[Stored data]
□ □ □ □
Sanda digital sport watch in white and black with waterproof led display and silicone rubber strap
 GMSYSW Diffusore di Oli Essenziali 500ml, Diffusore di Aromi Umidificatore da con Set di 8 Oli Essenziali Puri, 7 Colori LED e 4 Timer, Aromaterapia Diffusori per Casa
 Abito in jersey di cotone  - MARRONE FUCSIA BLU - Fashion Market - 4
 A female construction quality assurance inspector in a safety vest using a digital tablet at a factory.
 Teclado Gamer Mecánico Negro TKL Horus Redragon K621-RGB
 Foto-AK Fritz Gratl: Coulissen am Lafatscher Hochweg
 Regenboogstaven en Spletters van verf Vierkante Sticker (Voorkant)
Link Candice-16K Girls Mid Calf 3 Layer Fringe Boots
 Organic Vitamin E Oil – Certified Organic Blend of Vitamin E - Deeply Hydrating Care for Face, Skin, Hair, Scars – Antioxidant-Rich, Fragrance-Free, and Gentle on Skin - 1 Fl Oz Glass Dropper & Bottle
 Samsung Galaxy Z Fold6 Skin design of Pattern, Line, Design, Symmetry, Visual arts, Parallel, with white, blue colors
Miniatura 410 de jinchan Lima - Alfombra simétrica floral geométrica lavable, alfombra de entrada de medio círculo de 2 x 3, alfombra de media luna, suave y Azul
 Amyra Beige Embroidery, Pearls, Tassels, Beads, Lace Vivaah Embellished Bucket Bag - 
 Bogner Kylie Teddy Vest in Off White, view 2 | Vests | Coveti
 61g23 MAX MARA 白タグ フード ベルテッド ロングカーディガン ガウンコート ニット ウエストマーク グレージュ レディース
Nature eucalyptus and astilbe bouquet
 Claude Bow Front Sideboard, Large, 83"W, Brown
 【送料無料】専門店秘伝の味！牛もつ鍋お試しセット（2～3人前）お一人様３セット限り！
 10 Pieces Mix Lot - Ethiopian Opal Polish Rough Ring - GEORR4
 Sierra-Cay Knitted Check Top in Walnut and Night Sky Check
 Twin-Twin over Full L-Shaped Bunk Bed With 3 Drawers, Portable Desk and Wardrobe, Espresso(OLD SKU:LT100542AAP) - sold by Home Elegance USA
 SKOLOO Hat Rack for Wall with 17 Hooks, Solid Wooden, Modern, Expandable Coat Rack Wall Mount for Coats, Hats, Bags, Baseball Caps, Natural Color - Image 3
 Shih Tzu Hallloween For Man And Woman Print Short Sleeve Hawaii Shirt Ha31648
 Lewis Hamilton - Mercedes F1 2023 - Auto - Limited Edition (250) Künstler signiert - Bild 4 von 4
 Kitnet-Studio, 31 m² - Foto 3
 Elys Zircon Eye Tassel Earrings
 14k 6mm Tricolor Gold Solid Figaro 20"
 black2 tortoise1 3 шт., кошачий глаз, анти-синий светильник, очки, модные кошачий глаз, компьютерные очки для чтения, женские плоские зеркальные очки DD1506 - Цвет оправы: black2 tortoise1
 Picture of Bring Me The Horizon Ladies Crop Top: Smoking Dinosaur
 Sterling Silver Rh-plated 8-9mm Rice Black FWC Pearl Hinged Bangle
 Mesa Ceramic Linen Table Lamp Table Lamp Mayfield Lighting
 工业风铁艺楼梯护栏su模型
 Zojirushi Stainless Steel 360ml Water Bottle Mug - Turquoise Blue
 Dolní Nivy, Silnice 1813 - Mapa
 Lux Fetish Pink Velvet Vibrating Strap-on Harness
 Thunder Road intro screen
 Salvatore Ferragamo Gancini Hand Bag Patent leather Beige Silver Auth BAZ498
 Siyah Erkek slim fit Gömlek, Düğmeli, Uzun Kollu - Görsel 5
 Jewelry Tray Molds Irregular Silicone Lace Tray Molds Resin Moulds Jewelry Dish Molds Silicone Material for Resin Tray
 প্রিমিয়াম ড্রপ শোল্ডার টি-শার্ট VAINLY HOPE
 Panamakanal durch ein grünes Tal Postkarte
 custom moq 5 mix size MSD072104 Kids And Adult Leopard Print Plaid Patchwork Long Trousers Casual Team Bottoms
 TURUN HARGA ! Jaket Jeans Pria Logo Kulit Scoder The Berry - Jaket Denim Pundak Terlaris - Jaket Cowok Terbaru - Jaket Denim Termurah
□ □ □ □
TASK TO CARRY OUT | Lines after the one containing "Link Candice-16K Girls" are not part of the task. Output the entries exactly from their first line through that one.

WRITTEN RESPONSE |
Sanda digital sport watch in white and black with waterproof led display and silicone rubber strap
 GMSYSW Diffusore di Oli Essenziali 500ml, Diffusore di Aromi Umidificatore da con Set di 8 Oli Essenziali Puri, 7 Colori LED e 4 Timer, Aromaterapia Diffusori per Casa
 Abito in jersey di cotone  - MARRONE FUCSIA BLU - Fashion Market - 4
 A female construction quality assurance inspector in a safety vest using a digital tablet at a factory.
 Teclado Gamer Mecánico Negro TKL Horus Redragon K621-RGB
 Foto-AK Fritz Gratl: Coulissen am Lafatscher Hochweg
 Regenboogstaven en Spletters van verf Vierkante Sticker (Voorkant)
Link Candice-16K Girls Mid Calf 3 Layer Fringe Boots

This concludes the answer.